Presté atención a los sonidos que arribaban desde la otra cubierta y, en efecto, lo que se oía era jerigonza inglesa.

—¡Maldición! —exclamé, contrariada. Había esperado una presta reyerta zanjada tras cruzar la espada con el capitán de la nao y jurarle respeto por su vida y la de sus soldados, al tiempo que la libertad para partir sin más daños. Así lo habíamos hecho hasta aquel punto con las naos españolas. Claro que, antes de soltarlos, les obligaba a escuchar una perorata sobre mi identidad, la maldad de los Curvo, mi venganza y la injusticia del rey contra mi persona, pues contaba con que corriera la voz sobre la iniquidad de la que era víctima. Mas, si aquellos malnacidos eran piratas ingleses, no quedaba otro remedio que llevar la querella hasta el final, pasando por el cuchillo a tantos como nos fuera dado—. ¡A por ellos!

—¡A por ellos, que son piratas ingleses! —repitió Rodrigo lanzándose en pos de mí, que ya había saltado a la cubierta enemiga.

Nuestros artilleros, inútiles ya los cañones, se sumaron al asalto, de cuenta que éramos casi cuarenta las espadas y diez los arcabuces apostados ahora en las vergas y los rizos de las velas.
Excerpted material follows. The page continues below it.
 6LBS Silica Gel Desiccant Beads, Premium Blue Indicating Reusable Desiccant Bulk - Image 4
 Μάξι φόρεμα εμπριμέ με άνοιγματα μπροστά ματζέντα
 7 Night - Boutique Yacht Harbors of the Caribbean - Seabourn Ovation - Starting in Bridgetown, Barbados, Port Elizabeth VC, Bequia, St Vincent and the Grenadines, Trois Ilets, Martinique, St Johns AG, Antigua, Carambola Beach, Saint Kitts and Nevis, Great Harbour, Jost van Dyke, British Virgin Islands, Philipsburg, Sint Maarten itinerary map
Asaltamos la nao por todas partes, abriéndonos paso a cuchilladas, estocadas, altibajos, reveses, tajos y mandobles tirados con apremiada furia. No dejaríamos aquella nao española en manos de los enemigos de España que, por más, si lograban repararla, se valdrían de ella para robar, estuprar y matar a las pobres gentes de los pueblos y ciudades de las costas. Aquellos ingleses eran la peor escoria de la tierra y, como tal, los arrojábamos a la mar uno tras otro por las bordas.

Bajo la fiel custodia de Rodrigo y Juanillo, me hallé, al fin, enfrentada al capitán inglés. A éste no tenía en voluntad matarle, a lo menos, hasta haber conocido su gracia y los lugares y naos que había asaltado. Era un hombre de hasta treinta y cinco años, por más o por menos, bajo de estatura, de cuerpo fornido, buen rostro aunque con una vieja cicatriz a la diestra que le iba desde la sien hasta los labios, y una abundante y cuidada barba tan bermeja como su cabello. Su porte distinguido y sus elegantes maneras no me ocultaron el hecho de que eran afectadas. Debíamos darnos prisa en reducirle pues en menos de dos credos nos iríamos a pique. Le puse la punta de mi espada en la garganta.

—¿Os rendís, canalla? —le pregunté sin esperar ni que me entendiera ni que me respondiera. Sólo deseaba verle deponer las armas y entregármelas.

—Me rindo —dijo en buen castellano, aunque con grueso acento inglés.